Though the bounce in energy resource prices has offered a nice boost to MLP shares in the past few weeks, concerns by executive teams that they won’t be able to synthetically create equity market capitalization (not value) through the formation of standalone, publicly-traded yield-sensitive vehicles to take advantage of an ultra-low-interest rate environment may continue for the foreseeable future, in our view. The threat of rising interest rates on the “pricing” of MLPs, for one, lessens the attractiveness of these vehicles for investors “pricing” them on a yield basis versus other alternatives. The threat of rising interest rates on the “valuation” of MLPs offers a higher cost of capital used within any intrinsic value estimation framework, even multiple analyses. In the former scenario, the “risky” yields of MLPs (any asset that is not riskless is risky) become less attractive to the yields on “risk-free” assets (such as Treasury bills) as interest rates rise, while long duration cash flows are worth less in a rising interest rate environment under the latter valuation scenario.
That said, the results from midstream MLPs thus far in the third quarter haven’t been bad, in our view. Magellan Midstream (MMP) raised its internal “distributable cash flow” guidance and now expects modest growth in the metric versus flat expectations previously. We had believed original expectations were conservative, so we can’t read too much into the revision. CONE Midstream (CNNX) was another highlight from the quarterly results thus far, increasing full-year 2015 guidance for EBITDA and internal “distributable cash flow.” Shares rallied 25%+ on the news, but the MLP’s share price has been cut by a third since late 2014 (it’s hard to get excited about that). We noted the entity as having among the least adjusted net leverage in the group here. Even Boardwalk (BWP), which slashed its payout in 2014, put up good numbers. Interestingly, the latter is the most undervalued MLP out of the ones we cover (see table below).

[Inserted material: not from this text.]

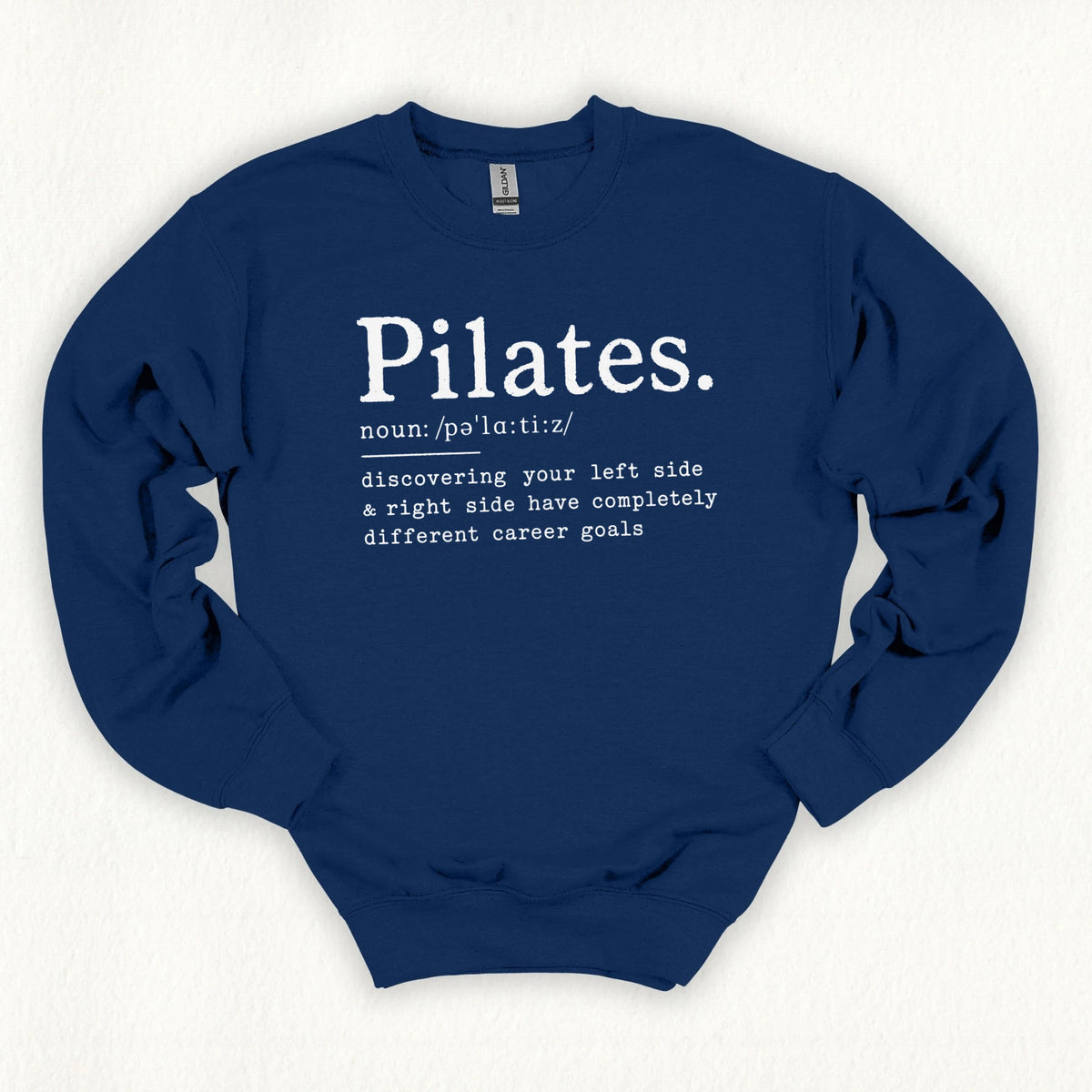 Pilates Definition Sweatshirt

All in, while we are generally bearish on the risky financial aspects of the MLP business model, it’s worth mentioning from an operational standpoint that they are good fundamental businesses. For example, we may say that an entity that is 4-6 times leveraged, uses variable rate debt, has part of its portfolio unhedged, and pays out more than free cash flow as distributions is risky, even as we say that traditional free cash flow at the company is positive and that most of its portfolio is hedged. We’ve said as much in our note, and we continue to monitor actions by executive teams to scale back “MLP” initiatives, either through re-consolidation or delays in creating new ones:
We now believe the financial operating structure of the MLP may not survive in its current form, even as we say that most businesses using the MLP model are good ones.

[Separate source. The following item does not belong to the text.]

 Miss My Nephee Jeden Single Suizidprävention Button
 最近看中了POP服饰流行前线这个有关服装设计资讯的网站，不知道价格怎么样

The age-old distinction between the concept of price and value is very important. Price is what you pay for something and can be viewed on the stock ticker “tape,” while value is what you get, best expressed as the present value of future free cash flows generated by the operating assets of the business, absent financial-engineering and recirculation of capital from the equity and debt markets back into unitholder pockets. Price and value are almost never the same, but sometimes they do link up, if only in the case when that last cash flow is received by shareholders in the event of a buyout. Since the peak in 2014, investors that are “pricing” units and those “valuing” units have come to the same conclusion.
We’ve been critical of the MLP business model since we launched coverage on units several years ago (and only more recently has our thesis come to light), we want to disclose our fair value estimates and fair value ranges for MLPs under coverage to be as helpful and as transparent as possible. There’s nothing inconsistent with our being concerned about the long-term health of the group as we note that such entities still have intrinsic value. This concept is often lost in articles, but not in our 16-page reports and 500-line valuation models. I hope you find both the 16-page reports and dividend reports useful.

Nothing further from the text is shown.